Nas várias propostas de projetos que o setor social pretende candidatar ao PRR e que constam do documento remetido ao executivo encontram-se ainda a isenção do pagamento de IVA nas verbas atribuídas para realização de obras e aquisição de serviços, uma medida que já vigorou no passado e que Manuel Lemos, presidente da UMP, entende que "não faz sentido" que não volte a ser a regra, uma vez que se traduziria na devolução de dinheiro ao Estado.

"Ou é um programa de recuperação e resiliência ou não é", disse.

Retirar amianto de equipamentos antigos e requalificar "lares dos anos 80 do século XX", construídos a pensar num perfil de idoso diferente do que existe hoje constam das propostas ao PRR do setor social, lembrando Manuel Lemos que a construção de novos equipamentos vai também permitir dar resposta à proliferação de lares ilegais, em zonas onde o setor social ainda não chega.

As instituições sociais querem ainda, no campo de transição energética e climática, converter a frota do apoio domiciliário "que faz milhões de quilómetros por dia" em veículos elétricos e aproveitar os milhares de metros quadrados em telhados, para além do espaço nas propriedades que detém, para instalar equipamentos que permitam produção própria de energia renovável.

"A nossa sustentabilidade é todos os dias posta em causa com o custo da energia", disse o presidente da UMP.

Apoios para a área da saúde, reforçando a contratação de profissionais como psicólogos e nutricionistas para os lares, maior acesso e articulação com a rede de centros de saúde e a possibilidade de os hospitais do setor social se candidatarem a financiamento para "recuperar os milhares de cirurgias e consultas adiadas devido a pandemia", maior digitalização e mais telemedicina, uma carrinha móvel para prestação de cuidados de saúde ao domicílio e promoção de turismo sénior associado a cuidados de saúde são outras propostas.

Na habitação, o setor social quer verbas para reconversão de habitações para reforçar o apoio domiciliário e adiar a institucionalização e propõe que os imóveis que detém possam ser "aproveitados para integrar as estratégias de habitação tanto no parque público de habitação a custos acessíveis, como no alojamento estudantil a custos acessíveis".

Um processo de digitalização das instituições e contratação e qualificação de quadros também constam dos projetos que as instituições do setor social pretendem ver financiadas pelo PRR.

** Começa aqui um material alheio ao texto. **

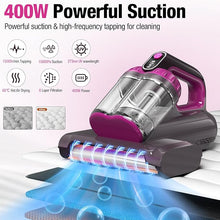 Load image into Gallery viewer, Mattress Vacuum Cleaner 15Kpa Bed Vacuum Cleaner 273nm UV-C Light & Ultrasonic Heating Tech 400W Handheld Vacuum Wide Suction Port 0.6L Capacity Double Cup for Pillows Cribs Sofa Black Corded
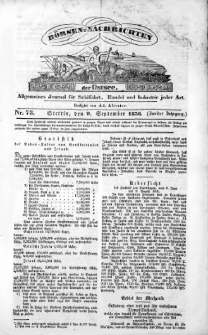 Börsen-Nachrichten der Ost-See : allgemeines Journal für Schiffahrt, Handel und Industrie jeder Art. 1836 Nr. 73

Nas notas introdutórias do documento, o setor sinaliza ainda a recusa de um caminho de municipalização das respostas sociais, ao propor-se no PRR a criação de uma equipa multidisciplinar por município que promova e integre todas as respostas sociais no terreno.

As instituições leem a proposta como uma "invasão do espaço próprio e autónomo das instituições solidárias e das respostas sociais por si desenvolvidas, numa municipalização da proteção social que ultrapassa a transferência de competências legalmente prevista para os municípios -- que se encontra em curso -- e que não possui qualquer cobertura legal nem qualquer virtualidade prática ou desígnio de qualificação da resposta.

"As instituições rejeitam a municipalização das suas respostas e serviços, se for disso que se trata: o seu mundo e o da solidariedade direta, de pessoa para pessoa", concluem.

O Plano de Recuperação e Resiliência de Portugal, para aceder às verbas comunitárias pós-crise da covid-19, prevê 36 reformas e 77 investimentos nas áreas sociais, clima e digitalização, num total de 13,9 mil milhões de euros em subvenções e esteve em discussão pública até à passada segunda-feira.